- TRY IT: Without including the pictures, copy out every line below.

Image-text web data
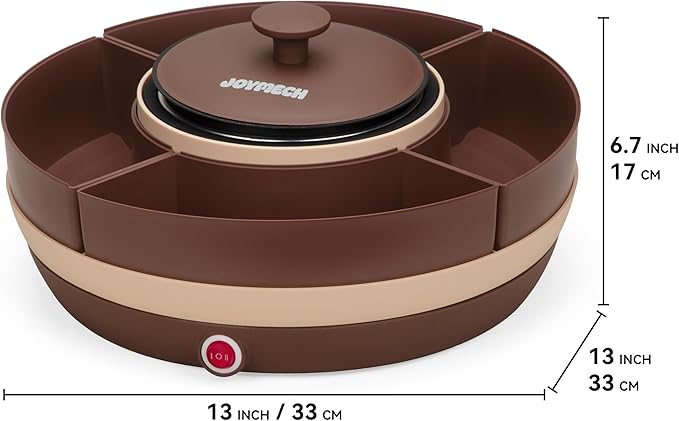 JoyMech Cheese & Chocolate Fondue Machine, Candy Melting Pot for Party, Electric Fondue Pot Set, Chocolate Warmer, Hot Chocolate Maker, 4-Section Food Tray, Brown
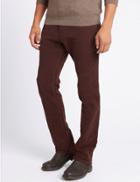 Marks & Spencer Italian Moleskin Regular Fit 5 Pocket Trousers Burgundy
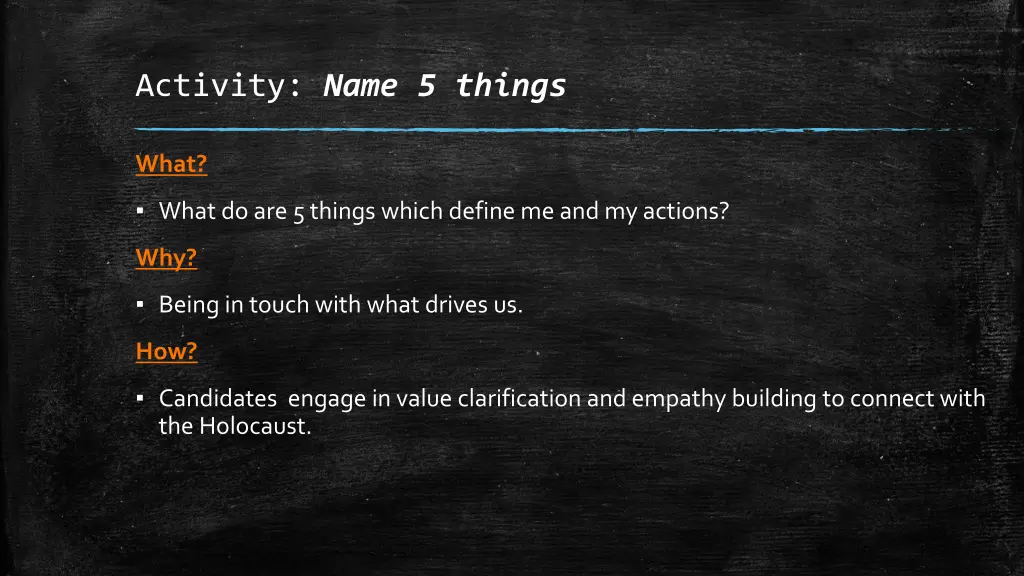 activity name 5 things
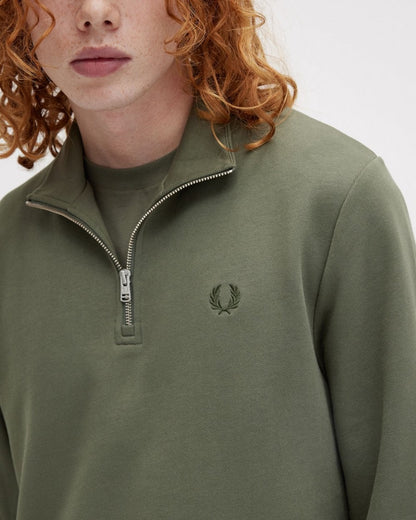 Fred Perry Mens Half Zip Sweatshirt - Laurel Wreath Green/Night Green W49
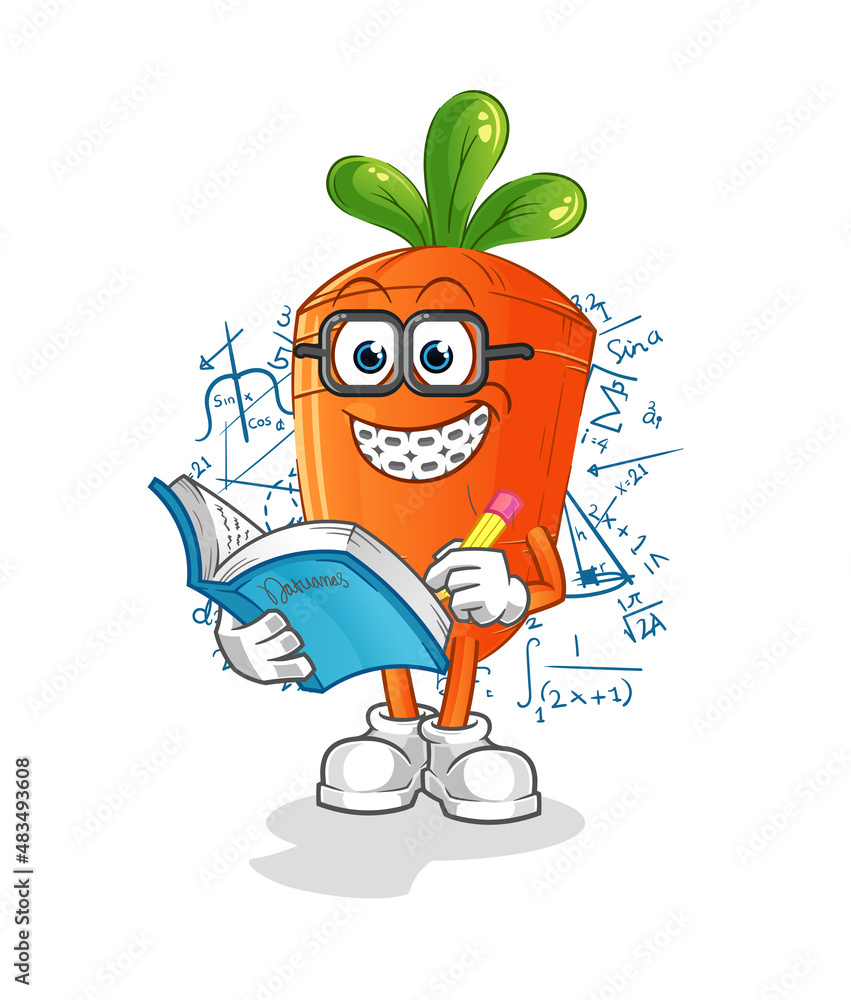 Obraz premium carrot geek cartoon. cartoon mascot vector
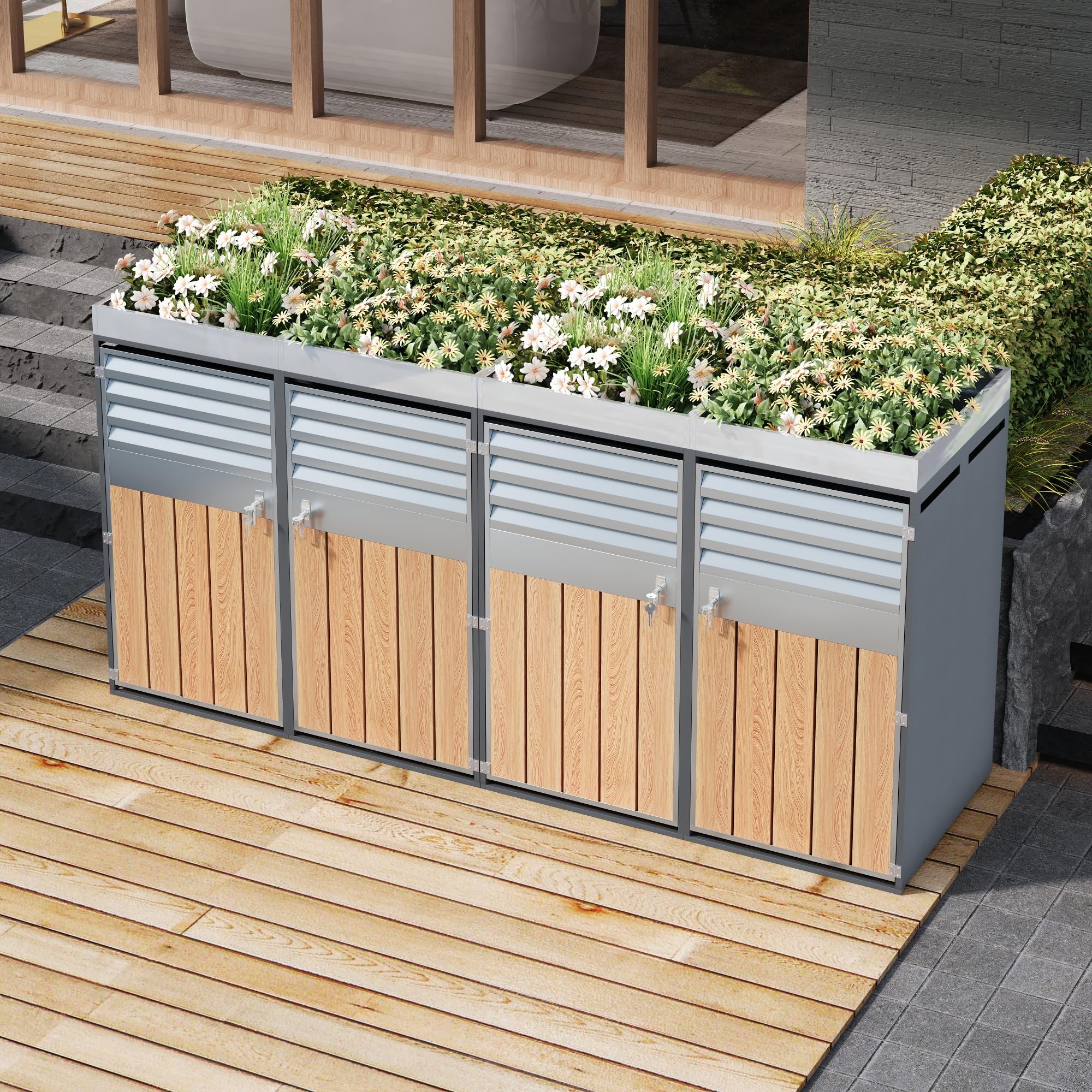 Merax Mülltonnenbox 4er mit Pflanzdach, Abschließbarer Mülltonnenschrank aus verzinktem Stahl, Mülltonnenverkleidung mit Lüftungsöffnung & Lamellen,Viertüriges Türen, für Garten & Terrasse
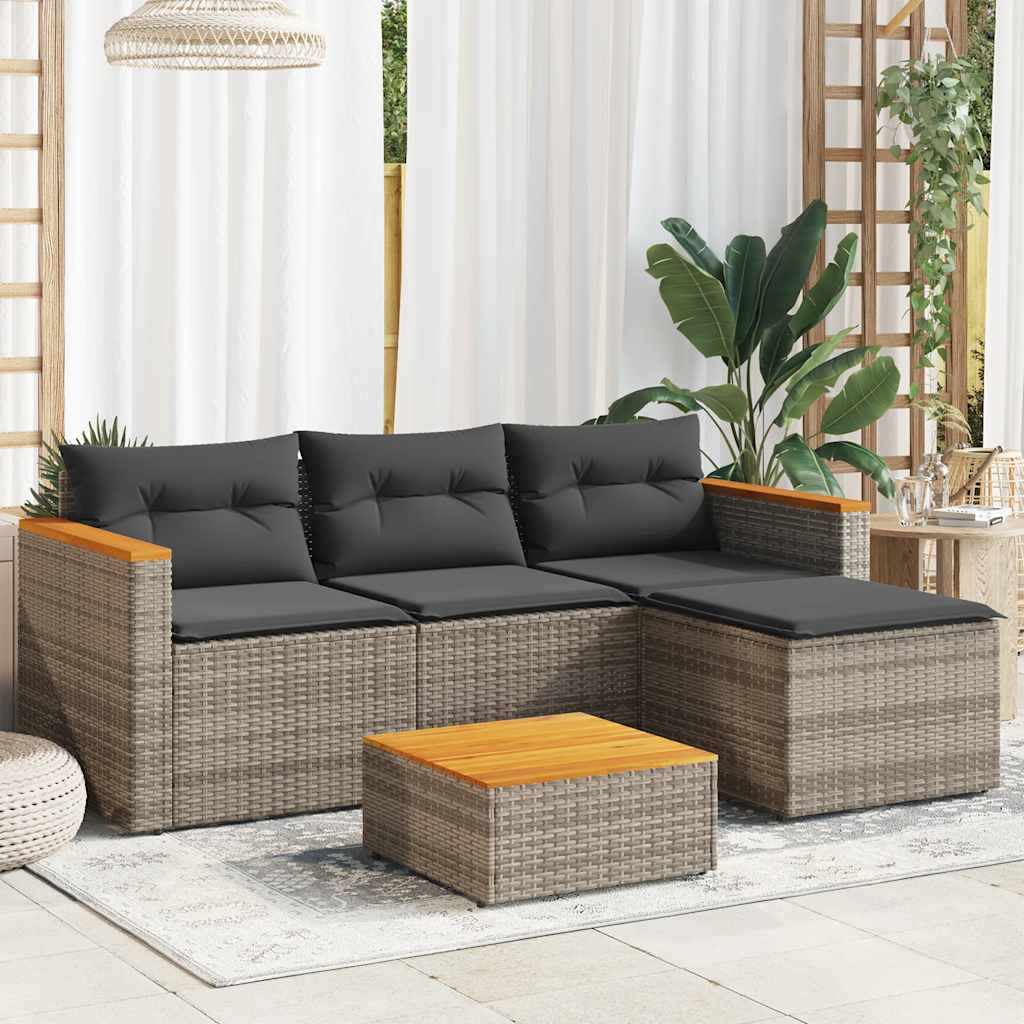 Salon de jardin avec coussins 3 pcs gris résine tressée - XIOS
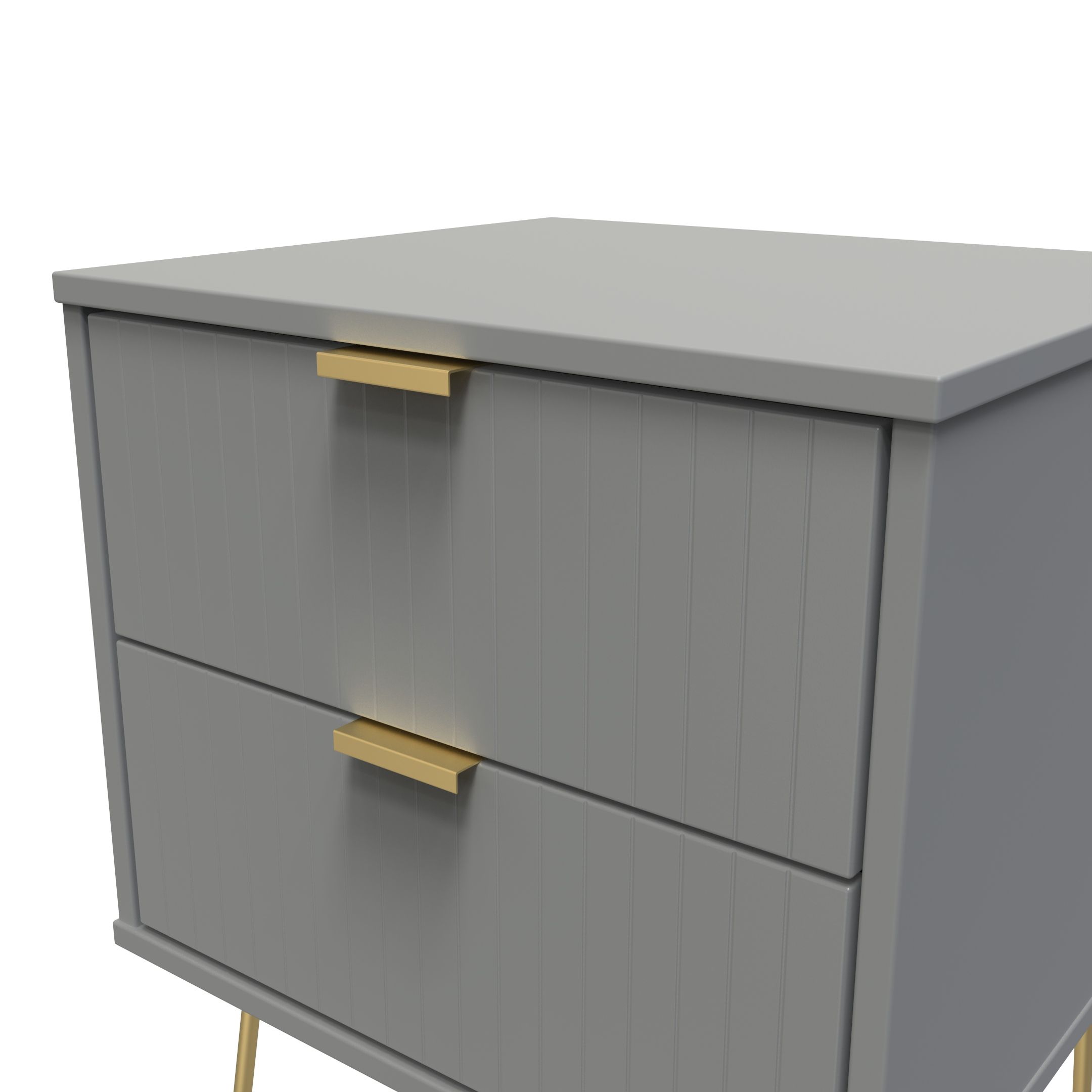 Linear Ready assembled Matt dark grey 2 Drawer Bedside chest (H)505mm (W)395mm (D)415mm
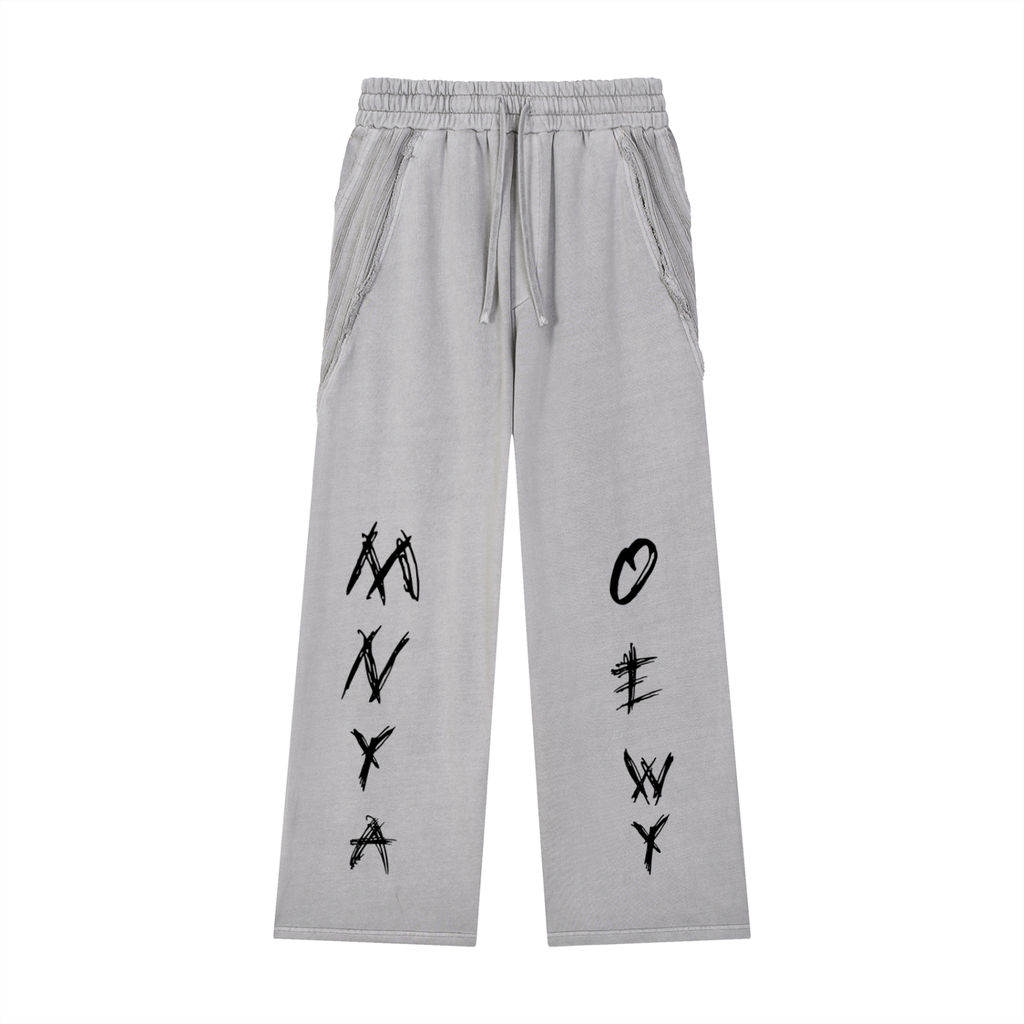 Snow Washed Tape Raw Edge Sweatpants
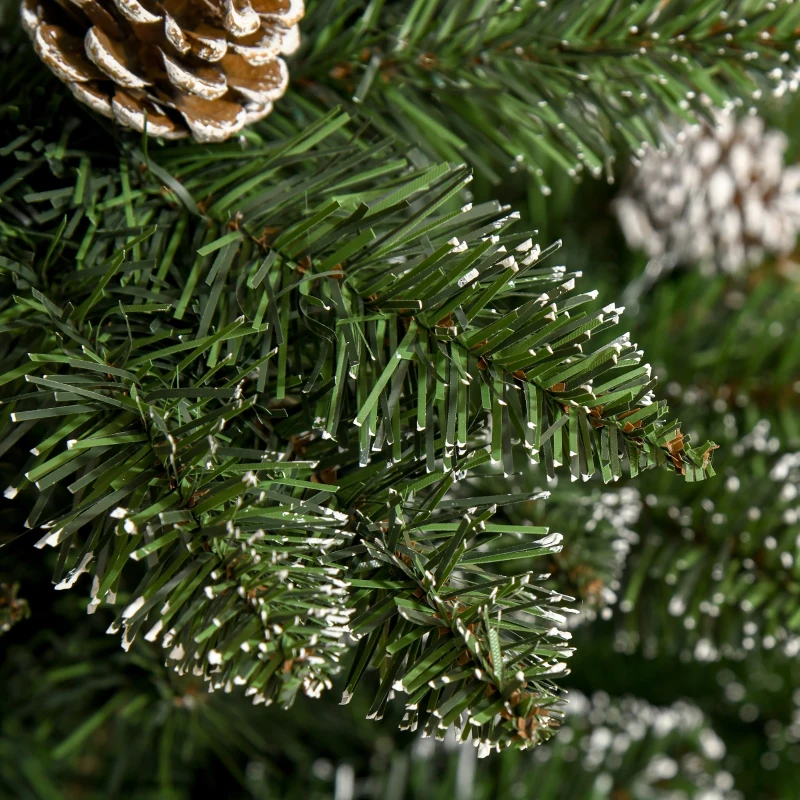 HOMCOM Sapin de Noël Artificiel Aspect enneigé 180H cm 50 Pommes de pin 718 Branches épines Imitation Nordmann Grand réalisme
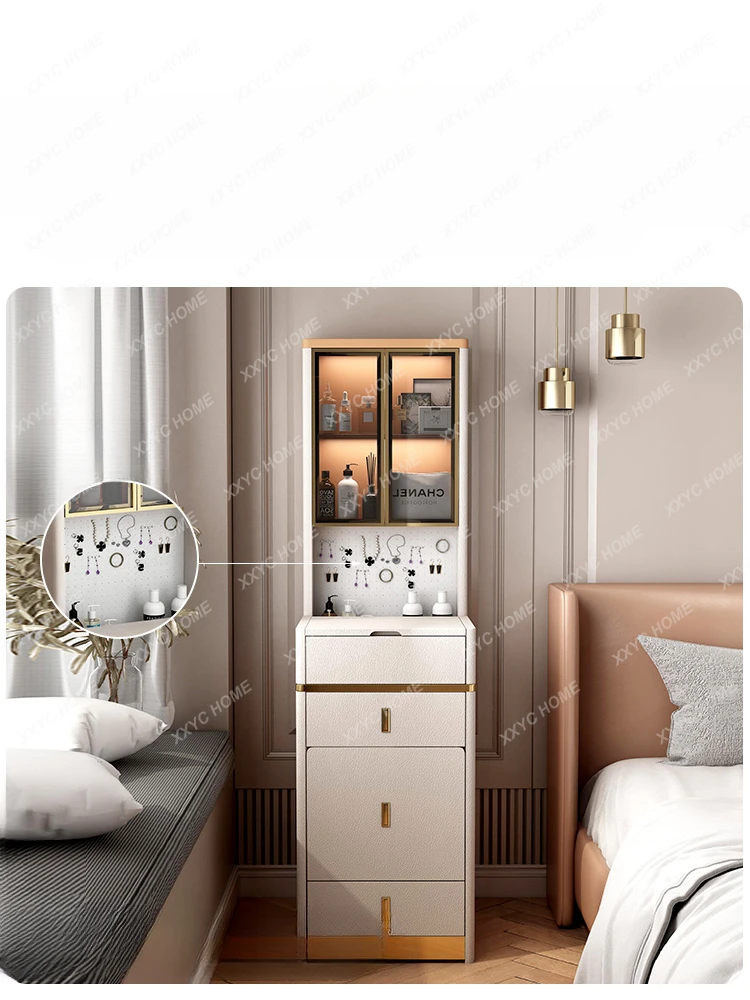 Dresser Full-Length Mirror Integrated Bedroom Multi-Functional Makeup Table  Storage Cabinet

- ANSWER SPACE:
 JoyMech Cheese & Chocolate Fondue Machine, Candy Melting Pot for Party, Electric Fondue Pot Set, Chocolate Warmer, Hot Chocolate Maker, 4-Section Food Tray, Brown
 Marks & Spencer Italian Moleskin Regular Fit 5 Pocket Trousers Burgundy
 activity name 5 things
 Fred Perry Mens Half Zip Sweatshirt - Laurel Wreath Green/Night Green W49
 Obraz premium carrot geek cartoon. cartoon mascot vector
 Merax Mülltonnenbox 4er mit Pflanzdach, Abschließbarer Mülltonnenschrank aus verzinktem Stahl, Mülltonnenverkleidung mit Lüftungsöffnung & Lamellen,Viertüriges Türen, für Garten & Terrasse
 Salon de jardin avec coussins 3 pcs gris résine tressée - XIOS
 Linear Ready assembled Matt dark grey 2 Drawer Bedside chest (H)505mm (W)395mm (D)415mm
 Snow Washed Tape Raw Edge Sweatpants
 HOMCOM Sapin de Noël Artificiel Aspect enneigé 180H cm 50 Pommes de pin 718 Branches épines Imitation Nordmann Grand réalisme
 Dresser Full-Length Mirror Integrated Bedroom Multi-Functional Makeup Table  Storage Cabinet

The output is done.